香りや味をいちばん感じやすい温度はありますか?
淹れたてがベストですが、温度が下がっていく過程の変化もぜひ楽しんでみてください。淹れた直後の70℃前後はアロマやフレーバーが立ちやすく、香りの印象が分かりやすい温度帯です。
そこから少し落ち着いて65℃前後になると、甘み・酸味・コクのバランスをより感じ取りやすくなります。 また、人は食べ物や飲み物が体温との差が約25℃以上あると、より「おいしい」と感じやすいとも言われています。
時間をおいて飲み進めることで温度が変化し、同じ一杯でも表情が移り変わっていくのを楽しめるので、より豊かに味わえますよ。

淹れ方以外においしく味わうためのコツはありますか?
おすすめはカップにこだわってみることです。カップの形や色を意識するだけでも、同じコーヒーでも味わいの印象が変わります。
今回紹介した抽出レシピは、コーヒーの甘さやフルーティーさをより引き出すことを狙っています。こうした特徴を心地よく味わうなら、明るい色味(ピンクやオレンジ系)のカップや、香りが広がりやすい口広の背が低いカップがおすすめです。また、カップのフチの厚みが薄いタイプを選ぶと、口当たりが軽くなり、フルーティーな味わいもより感じ取りやすくなります。
海外の研究でも、カップの色が違うだけで、甘みや酸味の感じ方が変わることが報告されています。こうした感じ方の違いは、私たちが色に対して持っているイメージや経験に影響されて、味や香りの受け取り方が変わるためだと考えられています。

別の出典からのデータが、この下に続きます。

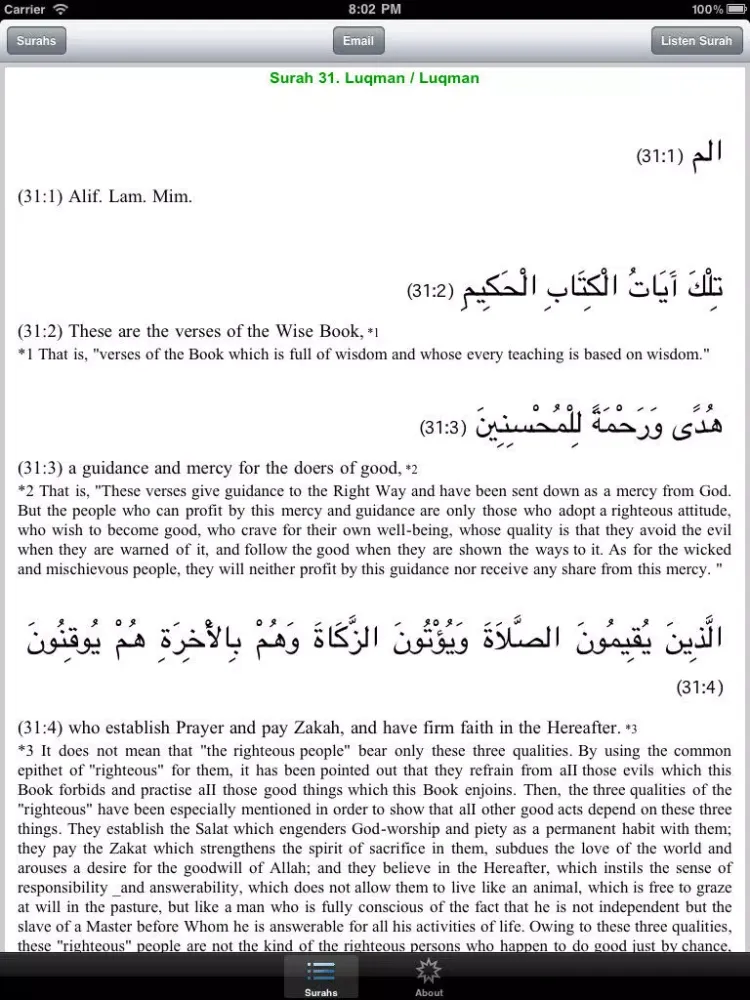Capturas de pantalla de Holy Quran English iPad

さらに、カップの形状も重要で、コーヒーが口内でどのように広がるかに影響します。器によって口の中での広がり方が変わるため、同じ一杯でも味わいの受け取り方が変わると言われています。
ドリップポッドなら、お湯の温度・抽出スピード・湯量を選べる特長を活かして、産地ならではの味わいを狙って引き出すことができます。ぜひ、今回ご紹介した抽出レシピで、プレミアムコーヒーならではの香りと甘みをお楽しみください。